The District Court found the allegations of the libel true and that the claimant had not shown good cause, within the meaning and intent of section 26, title 2, of the National Prohibition Act, to exempt the automobile from condemnation and forfeiture. It is not necessary to consider any matter of procedure in the court below or on appeal, because, in view of the statute providing that a review should be given upon the appropriate remedy, even if that had not been sought, the result would be the same.

It is insisted upon the part of the. claimant that this judgment of the District Court is not sustained by the evidence; that the effect of his judgment is to forfeit claimant’s property for the negligence or fault of its employe; that the doctrine of respondeat superior has no application to penalties or forfeitures and that the failure of section 26 of title 2 of the National Prohibition Act to designate specifically what shall constitute good cause does not confer upon the court such ,an absolute discretion to determine that question as will not be reviewed, except for abuse thereof.

[1] The plaintiff was engaged in the business of transporting passengers and baggage for hire. It held itself out as ready to serve the public in that capacity whenever any individual member of the public called upon it for such service.

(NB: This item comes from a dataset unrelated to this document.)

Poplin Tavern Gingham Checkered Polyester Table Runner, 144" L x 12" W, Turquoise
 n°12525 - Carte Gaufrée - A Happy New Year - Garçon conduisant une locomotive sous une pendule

This, of course, meant legitimate service; nevertheless the nature of its business was such that it was necessarily required to exercise a reasonable vigilance to prevent the use of its transportation facilities for unlawful purposes. The evidence in this case does not tend to prove that Becker, the driver of this cab, was, without the khowledge or consent of claimant, engaging in a private enterprise for his own personal advantage or profit, or for the personal accommodation of his friends. On the contrary, it clearly appears that he was acting within the scope of his employment, for the sole use, benefit, and profit of his employer; that he made no special contract for this service, but intended and expected to charge and collect for the taxicab company the rate fixed by it of 40 cents per mile for the number of miles registered by the meter.

[2] The evidence in this case is sufficient to show that the driver, Becker, was not merely negligent in accepting this service, but, on the contrary, knew, or from the facts and circumstances proven in the case ought to have known, that Szczygielski had loaded or caused *673to be loaded intoxicating liquors in the rear of the car. But, if it were conceded that he did not have this knowledge' at the time he started upon the trip, yet the evidence is uncontradicted that he did discover that fact when he was but a few miles out of Pittsburgh, and that with such knowledge he continued in the unlawful enterprise.

It is wholly unnecessary, however, to the disposition of this case, to determine whether knowledge of a driver, specifically authorized by a taxicab company to determine whether it will accept or refuse to furnish transportation service, is the knowledge of the company, not on the doctrine of respondeat superior, but rather upon the principle that authority delegated to perform a personal duty or obligation resting upon the person delegating such authority makes the person to whom such authority is delegated a vice principal.

[3-5] While there is evidence in this record tending to prove that the officers and employes of this taxicab company, other than Becker, had no knowledge that intoxicating liquor was being transported in this car, yet there is also evidence tending to establish other facts and circumstances tending to prove that it knew, or at least had full and fair opportunity to know, the exact nature and character of the service it was furnishing to Szczygielski. In the determination of the credibility of claimant’s evidence, it was the duty of the trial court to take into consideration all the facts and circumstances admitted or proven in this case.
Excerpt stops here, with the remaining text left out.